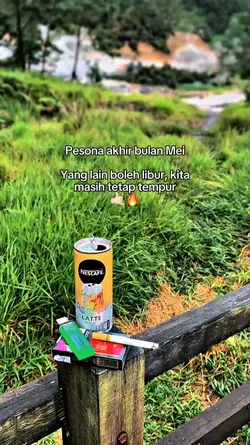 Pesona akhir bulan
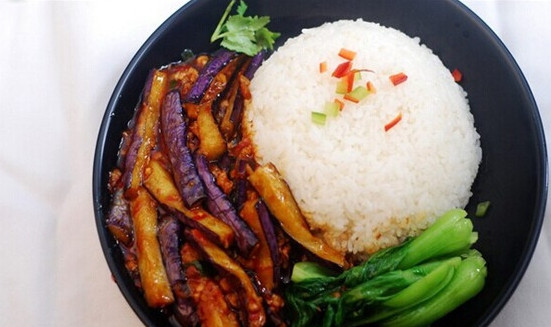 阿香婆煲仔饭加盟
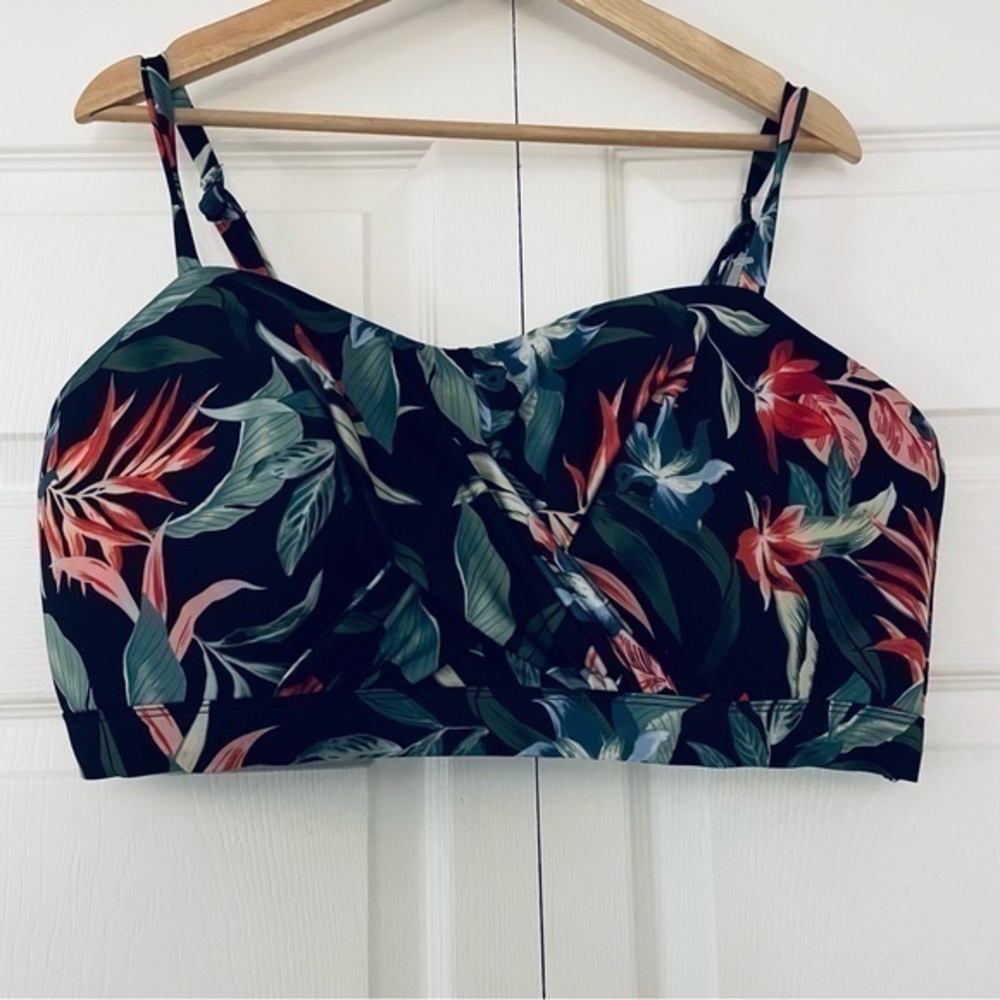 Lane Bryant NWOT tropical floral bikini top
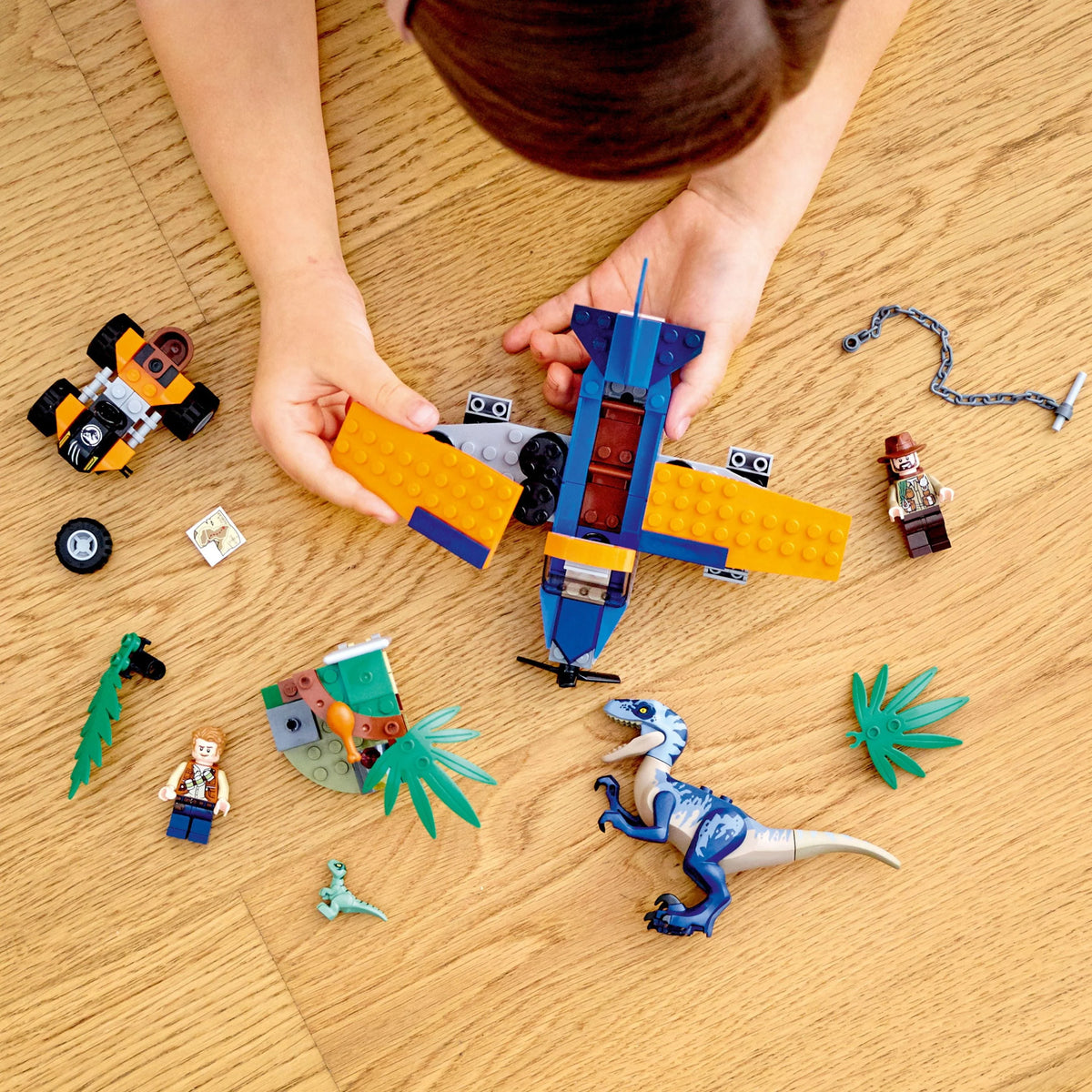 Jurassic World Dinosaur Building Set 101 Pieces A6830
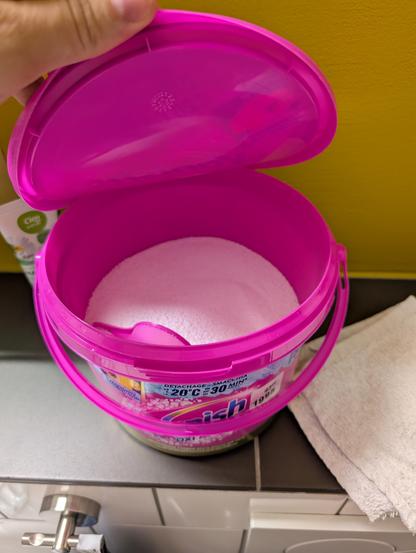Bild von einem Kübel Vanish 2.4 kg, geöffnet. Der Inhalt füllt nur ca. 50 %, der Rest ist Luft.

> Your assignment:
Pictures are to be left out. Everything else in the records above gets repeated exactly.

> Result of the exercise:
 Pesona akhir bulan
 阿香婆煲仔饭加盟
 Lane Bryant NWOT tropical floral bikini top
 Jurassic World Dinosaur Building Set 101 Pieces A6830
Bild von einem Kübel Vanish 2.4 kg, geöffnet. Der Inhalt füllt nur ca. 50 %, der Rest ist Luft.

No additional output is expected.